Novo ajuste dos juros será residual, reforça presidente do Banco Central

Copom volta a se encontrar dentro de 15 dias para decidir o rumo da Selic, que está na mínima histórica de 2,25% ao ano devido à crise de covid-19

Marina Barbosa
postado em 20/07/2020 12:51

Campos Neto lembrou que a crise causada pelo novo coronavírus continua a recomendar um ''forte estímulo monetário''O presidente do Banco Central, Roberto Campos Neto, reforçou nesta segunda-feira (20/07) que, se o Comitê de Política Monetária (Copom) decidir revisar novamente a taxa básica de juros (Selic) devido à crise do novo coronavírus, o ajuste será residual.

"Para as próximas reuniões, o Comitê considera apropriado avaliar os impactos do pandemia, do conjunto de medidas de incentivo ao crédito e recomposição de renda em vigor e prevê que qualquer possível ajuste ao estímulo monetário seria residual", reiterou Campos Neto, em reunião realizada com investidores do Santander nesta segunda-feira.

Como já avisou o Copom, Campos Neto lembrou que a crise causada pelo novo coronavírus continua a recomendar um "forte estímulo monetário". Porém, afirmou que o "espaço restante para o estímulo de política monetária é incerto e deve ser pequeno".

"O Comitê reconhece que a variação de seu balanço de riscos aumentou e que mais informações sobre a evolução da pandemia, bem como um declínio da incerteza, serão essenciais para determinar seus próximos passos", explicou.

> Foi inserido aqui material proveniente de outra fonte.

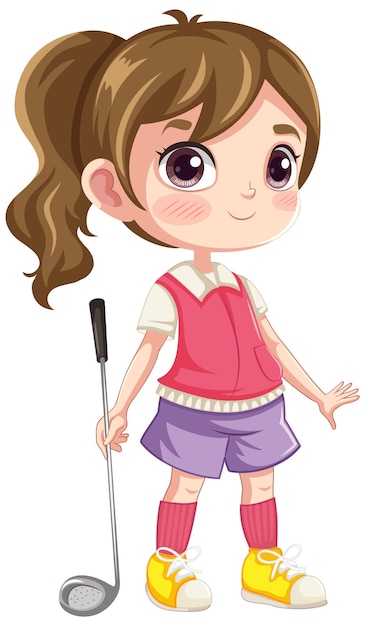 Vector gratuito personaje de dibujos animados de golfista profesional aislado con palo de golf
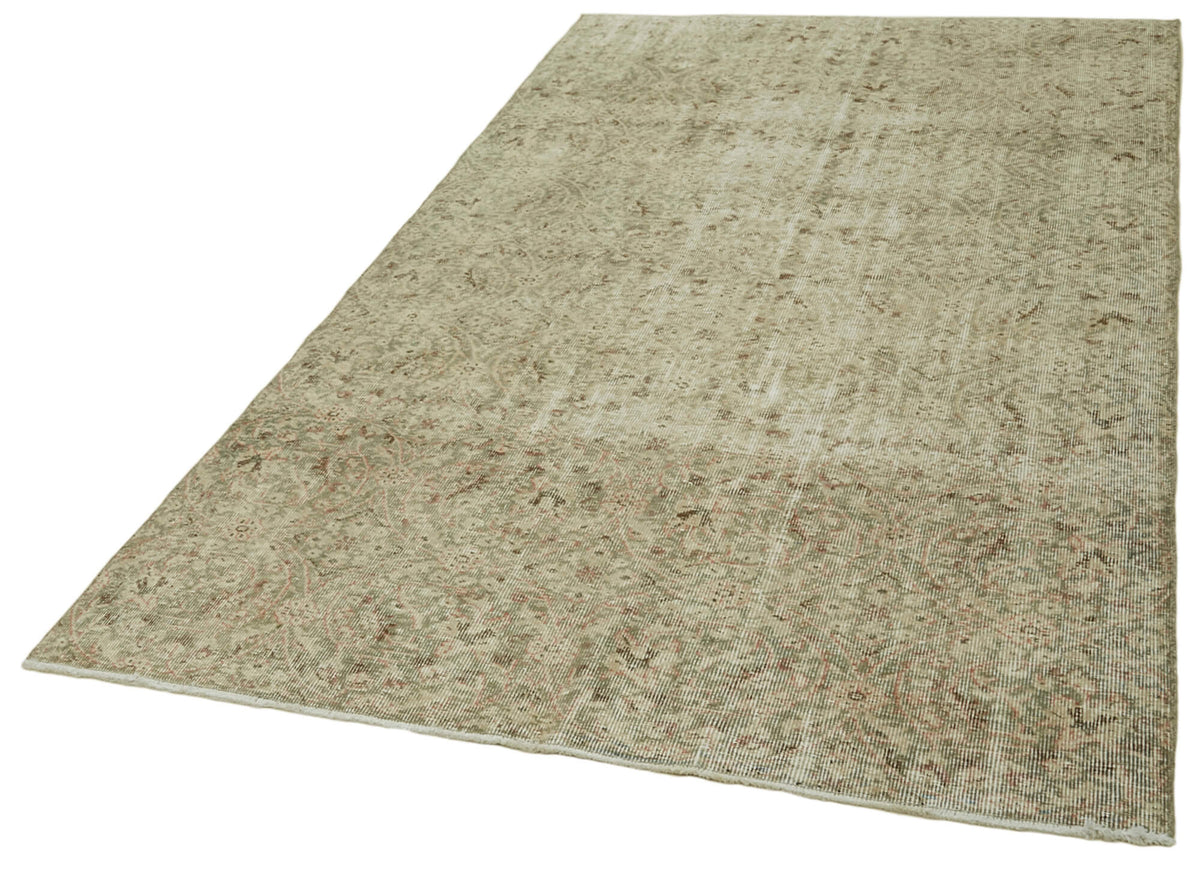 5x9 Beige Turkish Vintage Area Rug - 41604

O Copom volta a se encontrar dentro de 15 dias para definir o rumo da Selic, que caiu de 4,25% para a mínima histórica de 2,25% ao ano nos últimos meses devido à crise econômica causada pela pandemia do novo coronavírus. E a aposta do mercado é que a Selic será novamente reduzida, para 2% ao ano. Afinal, apesar de os indicadores econômicos apontarem para o início de uma reação da economia brasileira em maio e junho, a atividade econômica segue em nível reduzido e a inflação continua abaixo do piso da meta estipulada pelo Copom.

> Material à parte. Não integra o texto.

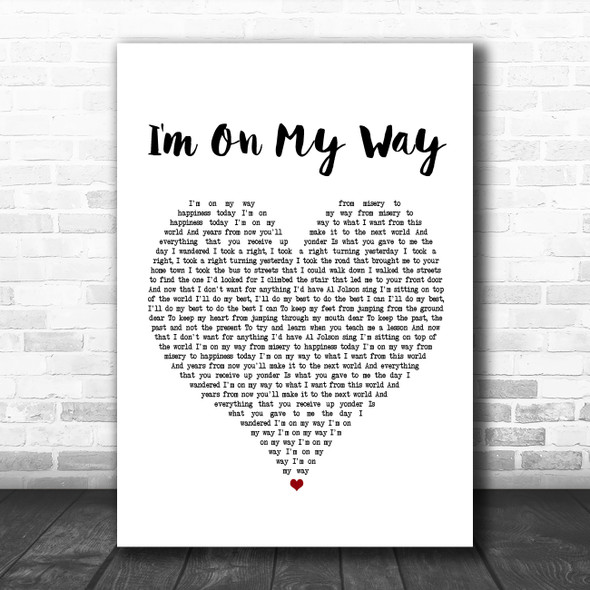 The Proclaimers I'm On My Way White Heart Song Lyric Poster Print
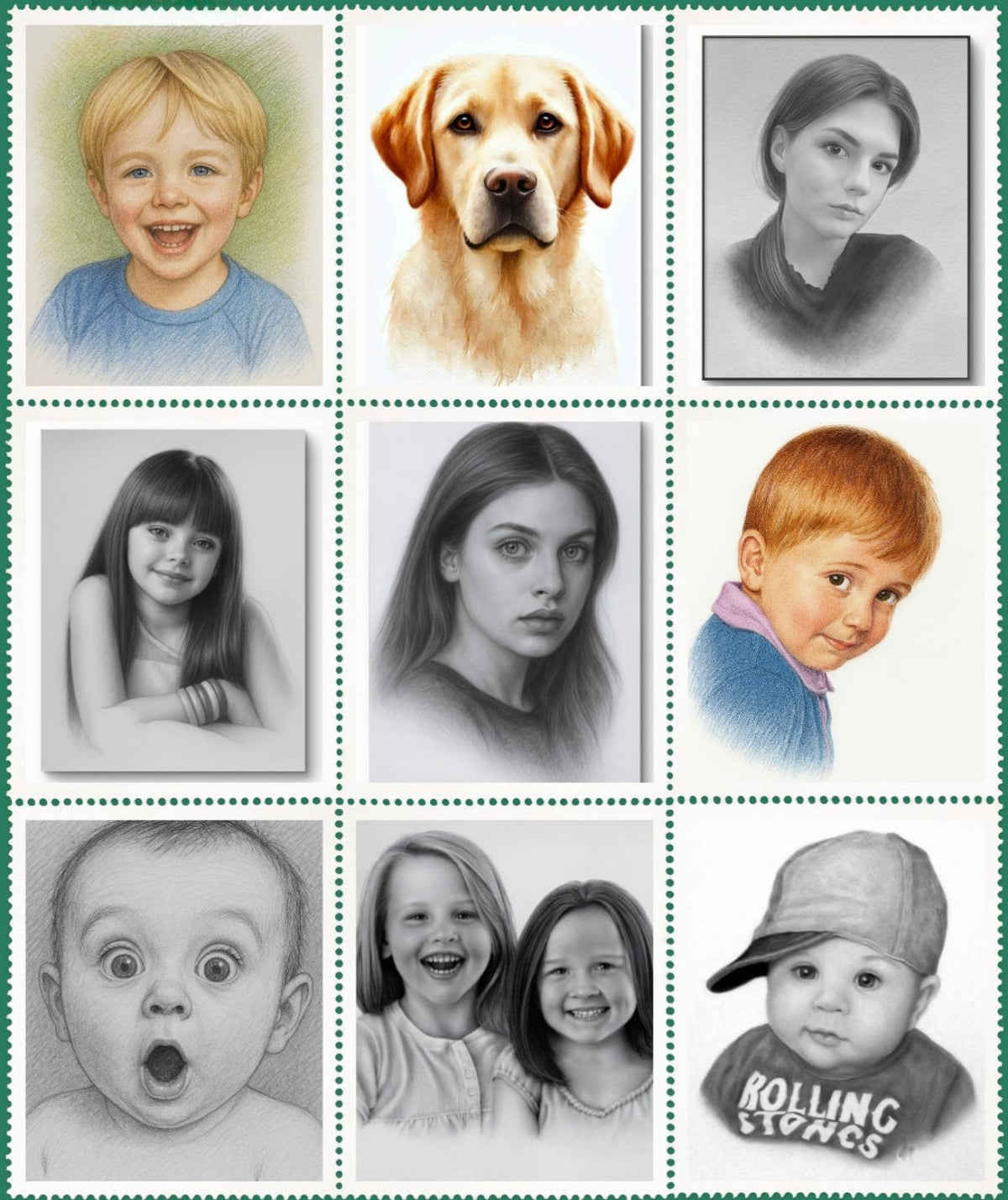Custom pet portrait artwork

No Boletim Focus desta semana, por exemplo, o mercado prevê que o Produto do Interno Bruto (PIB) do Brasil vai cair 5,95% neste ano. Por isso, projeta uma inflação de 1,72% para o fim do ano, abaixo do piso da meta estipulada pelo Comitê de Política Monetária, que é de 2,5%. E espera que a taxa básica de juros termine o ano em 2%.